__INSTRUCTIONS FOR THE TASK__.
Transcribe the lines from the start of the data below through the line with "Prodám škoda fabia combi", word for word and nothing more.

BEGIN DATA EXCERPTS

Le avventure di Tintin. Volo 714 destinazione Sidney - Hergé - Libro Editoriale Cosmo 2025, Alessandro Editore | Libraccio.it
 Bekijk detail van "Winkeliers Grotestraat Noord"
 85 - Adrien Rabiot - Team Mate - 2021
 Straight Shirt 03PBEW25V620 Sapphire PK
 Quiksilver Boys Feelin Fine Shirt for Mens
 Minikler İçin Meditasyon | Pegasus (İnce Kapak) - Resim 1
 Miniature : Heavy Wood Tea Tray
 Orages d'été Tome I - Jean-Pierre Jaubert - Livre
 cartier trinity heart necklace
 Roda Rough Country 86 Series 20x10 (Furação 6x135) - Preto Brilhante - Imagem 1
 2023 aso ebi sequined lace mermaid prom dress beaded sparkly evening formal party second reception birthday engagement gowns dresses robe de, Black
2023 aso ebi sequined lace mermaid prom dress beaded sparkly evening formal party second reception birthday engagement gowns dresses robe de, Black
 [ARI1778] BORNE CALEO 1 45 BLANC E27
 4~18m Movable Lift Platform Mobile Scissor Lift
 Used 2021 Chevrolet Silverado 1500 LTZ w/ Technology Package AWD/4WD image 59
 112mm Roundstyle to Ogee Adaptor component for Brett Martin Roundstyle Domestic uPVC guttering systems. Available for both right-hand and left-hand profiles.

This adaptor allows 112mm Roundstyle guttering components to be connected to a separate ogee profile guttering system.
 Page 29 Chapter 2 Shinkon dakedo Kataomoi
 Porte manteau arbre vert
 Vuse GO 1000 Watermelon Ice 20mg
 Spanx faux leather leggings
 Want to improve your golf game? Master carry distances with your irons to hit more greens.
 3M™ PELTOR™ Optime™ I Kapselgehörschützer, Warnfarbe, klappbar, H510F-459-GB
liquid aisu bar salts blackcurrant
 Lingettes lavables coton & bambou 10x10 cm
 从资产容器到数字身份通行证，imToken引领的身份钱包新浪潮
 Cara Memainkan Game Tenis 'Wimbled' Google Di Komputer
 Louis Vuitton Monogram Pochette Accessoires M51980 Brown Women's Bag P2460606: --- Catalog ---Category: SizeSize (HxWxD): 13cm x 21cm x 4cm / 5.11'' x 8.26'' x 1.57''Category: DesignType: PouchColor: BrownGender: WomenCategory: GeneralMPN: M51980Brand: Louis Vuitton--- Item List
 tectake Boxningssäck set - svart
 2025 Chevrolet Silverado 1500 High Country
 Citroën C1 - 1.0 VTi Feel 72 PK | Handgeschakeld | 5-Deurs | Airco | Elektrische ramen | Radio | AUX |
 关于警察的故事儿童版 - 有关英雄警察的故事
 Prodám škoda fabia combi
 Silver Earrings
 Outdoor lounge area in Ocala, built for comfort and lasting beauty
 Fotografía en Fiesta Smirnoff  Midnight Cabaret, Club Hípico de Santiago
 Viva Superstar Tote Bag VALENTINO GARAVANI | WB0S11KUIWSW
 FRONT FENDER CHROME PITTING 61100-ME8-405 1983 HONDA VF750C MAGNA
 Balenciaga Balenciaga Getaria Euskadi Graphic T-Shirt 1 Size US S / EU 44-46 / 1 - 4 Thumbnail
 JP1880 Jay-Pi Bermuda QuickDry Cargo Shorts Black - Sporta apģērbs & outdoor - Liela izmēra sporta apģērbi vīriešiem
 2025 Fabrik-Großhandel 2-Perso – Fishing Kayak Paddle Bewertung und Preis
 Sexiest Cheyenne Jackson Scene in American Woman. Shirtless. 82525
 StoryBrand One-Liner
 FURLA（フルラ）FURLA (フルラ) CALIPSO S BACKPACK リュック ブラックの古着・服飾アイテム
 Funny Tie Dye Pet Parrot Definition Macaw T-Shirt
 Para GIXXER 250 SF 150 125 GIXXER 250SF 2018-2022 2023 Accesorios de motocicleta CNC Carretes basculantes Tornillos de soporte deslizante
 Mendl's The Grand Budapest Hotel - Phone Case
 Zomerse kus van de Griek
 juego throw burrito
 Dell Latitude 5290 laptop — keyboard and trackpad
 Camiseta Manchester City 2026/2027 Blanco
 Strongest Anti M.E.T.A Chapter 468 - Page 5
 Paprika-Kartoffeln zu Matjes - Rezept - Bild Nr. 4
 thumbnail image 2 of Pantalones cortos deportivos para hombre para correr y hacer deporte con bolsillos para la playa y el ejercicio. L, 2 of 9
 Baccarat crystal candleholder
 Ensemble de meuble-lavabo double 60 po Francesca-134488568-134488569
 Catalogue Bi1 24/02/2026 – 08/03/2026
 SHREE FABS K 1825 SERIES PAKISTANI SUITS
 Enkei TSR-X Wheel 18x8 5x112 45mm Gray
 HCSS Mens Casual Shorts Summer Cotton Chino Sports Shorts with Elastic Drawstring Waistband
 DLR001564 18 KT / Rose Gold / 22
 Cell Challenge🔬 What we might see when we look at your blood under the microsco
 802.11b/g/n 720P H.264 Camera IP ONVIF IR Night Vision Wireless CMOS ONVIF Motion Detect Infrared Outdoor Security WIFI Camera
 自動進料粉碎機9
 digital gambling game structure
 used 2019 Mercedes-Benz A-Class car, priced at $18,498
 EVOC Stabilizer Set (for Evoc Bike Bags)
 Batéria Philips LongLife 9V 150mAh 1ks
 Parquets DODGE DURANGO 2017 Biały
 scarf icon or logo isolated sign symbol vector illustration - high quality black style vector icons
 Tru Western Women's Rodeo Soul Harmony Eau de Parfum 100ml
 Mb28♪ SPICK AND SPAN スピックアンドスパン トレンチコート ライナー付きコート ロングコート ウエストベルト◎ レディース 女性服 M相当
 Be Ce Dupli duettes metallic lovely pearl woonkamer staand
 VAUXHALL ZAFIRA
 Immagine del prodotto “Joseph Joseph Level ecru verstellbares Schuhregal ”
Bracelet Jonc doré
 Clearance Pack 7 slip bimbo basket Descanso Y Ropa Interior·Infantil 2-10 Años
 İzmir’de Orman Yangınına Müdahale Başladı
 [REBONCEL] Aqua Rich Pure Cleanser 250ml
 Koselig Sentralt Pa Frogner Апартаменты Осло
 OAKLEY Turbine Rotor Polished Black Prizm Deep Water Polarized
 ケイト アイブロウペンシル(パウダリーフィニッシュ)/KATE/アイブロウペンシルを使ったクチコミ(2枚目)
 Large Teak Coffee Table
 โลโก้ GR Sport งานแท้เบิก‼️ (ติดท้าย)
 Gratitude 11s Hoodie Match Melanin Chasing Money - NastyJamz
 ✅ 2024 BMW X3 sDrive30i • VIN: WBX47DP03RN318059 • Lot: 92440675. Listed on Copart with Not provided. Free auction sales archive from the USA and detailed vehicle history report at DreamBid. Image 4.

END DATA EXCERPTS

__TASK OUTPUT__.
Le avventure di Tintin. Volo 714 destinazione Sidney - Hergé - Libro Editoriale Cosmo 2025, Alessandro Editore | Libraccio.it
 Bekijk detail van "Winkeliers Grotestraat Noord"
 85 - Adrien Rabiot - Team Mate - 2021
 Straight Shirt 03PBEW25V620 Sapphire PK
 Quiksilver Boys Feelin Fine Shirt for Mens
 Minikler İçin Meditasyon | Pegasus (İnce Kapak) - Resim 1
 Miniature : Heavy Wood Tea Tray
 Orages d'été Tome I - Jean-Pierre Jaubert - Livre
 cartier trinity heart necklace
 Roda Rough Country 86 Series 20x10 (Furação 6x135) - Preto Brilhante - Imagem 1
 2023 aso ebi sequined lace mermaid prom dress beaded sparkly evening formal party second reception birthday engagement gowns dresses robe de, Black
2023 aso ebi sequined lace mermaid prom dress beaded sparkly evening formal party second reception birthday engagement gowns dresses robe de, Black
 [ARI1778] BORNE CALEO 1 45 BLANC E27
 4~18m Movable Lift Platform Mobile Scissor Lift
 Used 2021 Chevrolet Silverado 1500 LTZ w/ Technology Package AWD/4WD image 59
 112mm Roundstyle to Ogee Adaptor component for Brett Martin Roundstyle Domestic uPVC guttering systems. Available for both right-hand and left-hand profiles.

This adaptor allows 112mm Roundstyle guttering components to be connected to a separate ogee profile guttering system.
 Page 29 Chapter 2 Shinkon dakedo Kataomoi
 Porte manteau arbre vert
 Vuse GO 1000 Watermelon Ice 20mg
 Spanx faux leather leggings
 Want to improve your golf game? Master carry distances with your irons to hit more greens.
 3M™ PELTOR™ Optime™ I Kapselgehörschützer, Warnfarbe, klappbar, H510F-459-GB
liquid aisu bar salts blackcurrant
 Lingettes lavables coton & bambou 10x10 cm
 从资产容器到数字身份通行证，imToken引领的身份钱包新浪潮
 Cara Memainkan Game Tenis 'Wimbled' Google Di Komputer
 Louis Vuitton Monogram Pochette Accessoires M51980 Brown Women's Bag P2460606: --- Catalog ---Category: SizeSize (HxWxD): 13cm x 21cm x 4cm / 5.11'' x 8.26'' x 1.57''Category: DesignType: PouchColor: BrownGender: WomenCategory: GeneralMPN: M51980Brand: Louis Vuitton--- Item List
 tectake Boxningssäck set - svart
 2025 Chevrolet Silverado 1500 High Country
 Citroën C1 - 1.0 VTi Feel 72 PK | Handgeschakeld | 5-Deurs | Airco | Elektrische ramen | Radio | AUX |
 关于警察的故事儿童版 - 有关英雄警察的故事
 Prodám škoda fabia combi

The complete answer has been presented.